La Montblanc, Gabriela Zepeda y Olaf
A invitación de un viejo amigo, acepté tomar un excelente café oscuro en una conocida franquicia de alimentos ubicada al interior del aeropuerto Ángel Albino Corzo.
Mi amigo es curioso y más aún letrado. Desde su paso por la Universidad Veracruzana, sus estancias en Ciudad de México, Nueva York, Francia y en los últimos años Berlín y Argelia, le han dado una visión muy acertada de la geopolítica. Vivir en Cuba y contrastar su sistema con el ascenso del gigante asiático, terminó de afianzar sus diferencias con los marxistas ortodoxos por lo que hoy, -tampoco defiende la Tercera Vía de Tony Blair- pero está convencido de que el socialismo es una ilusión, que el capitalismo no será sustituido por un modelo que propone la expropiación de los medios de producción y la riqueza sino por la fusión de miles de modelos de economía local que puedan dar paso a la constitución de nuevas alianzas globales donde el orden mundial no sea desafiado sino fortalecido.
Mi amigo es un tipo de esos que a pesar de sus muy buenas finanzas, no deja de trabajar y de innovar en los campos empresariales y de la mercadotecnia.
Su preocupación por la inseguridad y los ataques a periodistas y defensores de derechos humanos lo hizo, de pronto, interrumpir la buena charla, e ir al grano conmigo: «me preocupa tu situación, tu trabajo como periodista independiente te ha puesto mucho en riesgo. Deberías valorar la posibilidad de retirarte de esa profesión», me dijo.
Su comentario no dejó de asombrarme. El tema de la violencia, de los grupos paramilitares financiados por el narcotráfico, la ingerencia de la narcopolítica, de la corrupción en las dos instancias estatales responsables de procurar y brindar seguridad a los ciudadanos, mi incursión en la política y el papel del Mecanismo Nacional de Protección a Personas Defensoras de Derechos Humanos y Periodistas de la Segob, fueron temas que anotó con interés en una pequeña libreta con un lapicero Montblanc y a lo que seguramente dará voz en otros espacios, en otras tierras y muy problamente en otros continentes.
Puede, quiere y sabe porqué me invitó a ese ameno e inesperado café.

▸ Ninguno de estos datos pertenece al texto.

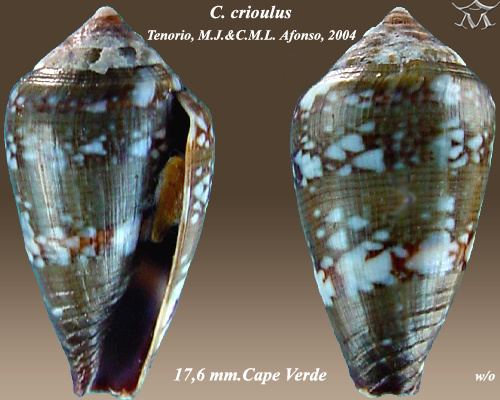 Conus crioulus
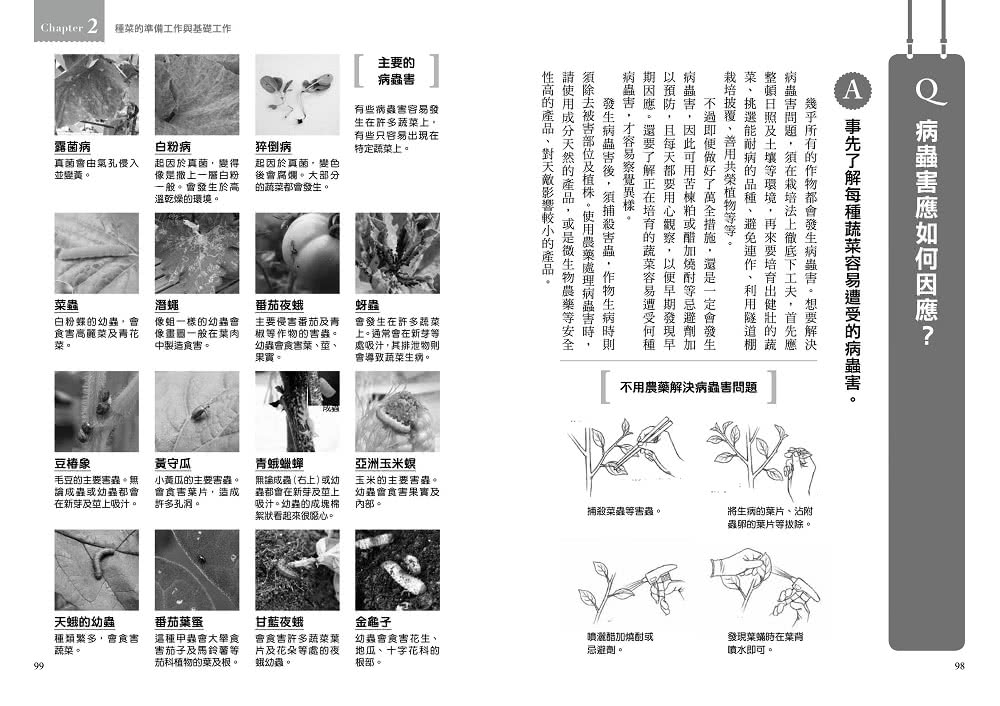 種菜的趣味科學：120則最實用的種菜QA × 超過400張圖解 破解種菜豐收、美味的關鍵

Ya extendidos en el tema, hablamos también de mis diferencias con el Fiscal General Olaf Hernández y la Secretaria de Seguridad Estatal, Gabriela Zepeda. «Fíjate que son causas muy diferentes», le confesé. «A la secretaria de Seguridad y Protección Ciudadana le guardo un respeto profesional y un sentido de gratitud gracias a su trato respetuoso y muy cortez que me ha brindado a través de su jefe de prensa Amir Hernández. El tema con ella que pudiera aparentar un conflicto incluso a nivel personal ha sido la corrupción de los mandos policiacos que operan en ratos a favor de un cártel y en ratos a favor de otro, lo que ha desatado una sangrienta narco guerra en el estado. Pero en fin, en ella no recaen las decisiones que se tratan de manera política.»
«Es más -agregué-, tiene una experiencia profesional probada al grado que si se le permitiera estar al frente de la política general del gobierno del estado, creo que sería la primera en impulsar la depuración de los cuerpos policiacos corruptos que han manchado su nombre y se han enriquecido a costa de la vida de cientos de chiapanecos».
Mi amigo no dejó de anotar con ese lapicero Montblanc al que yo no dejaba de echarle el ojo por si en algún momento caía en cuenta que con gusto, habría aceptado el detalle de obsequiármelo.
– ¿Y con el Fiscal General? Preguntó. «Con ese es otra cosa». Desde el presunto feminicidio de mi hija he recibido un trato déspota, abusivo y humillante de parte de esta dependencia que se vino acrecentando desde su llegada al cargo.
– ¿Y has intentado hablar con él? Volvió a preguntarme. «Dos veces he insistido con todos los derechos y argumentos que me asisten y simplemente me ha ignorado. Es un tipo sin moral y sin palabra, a menos de que pueda demostrarme lo contrario», le dije con la confianza que hemos construido desde hace más de 18 años.
«Creo que ya es hora de abordar». Dijo no muy convencido de querer irse. «Iré al sanitario y te alcanzo», le contesté pero prefirió esperarme en la mesa. Al fin nos despedimos con un abrazo fuerte y con la esperanza de volver a vernos en algún lugar del mundo.
Él se fue por el pasillo que lleva a la sala de abordar, Lucía y yo nos fuimos rumbo a nuestro coche. Antes de dejar atrás el aeropuerto, Lucía metió la mano a su bolso, sacó un lapicero Montblanc, y me dijo: «te la dejó tu amigo». Era el mismo lapicero al que yo no dejaba de echarle el ojo.
Que Dios me regale muchos más amigos como él.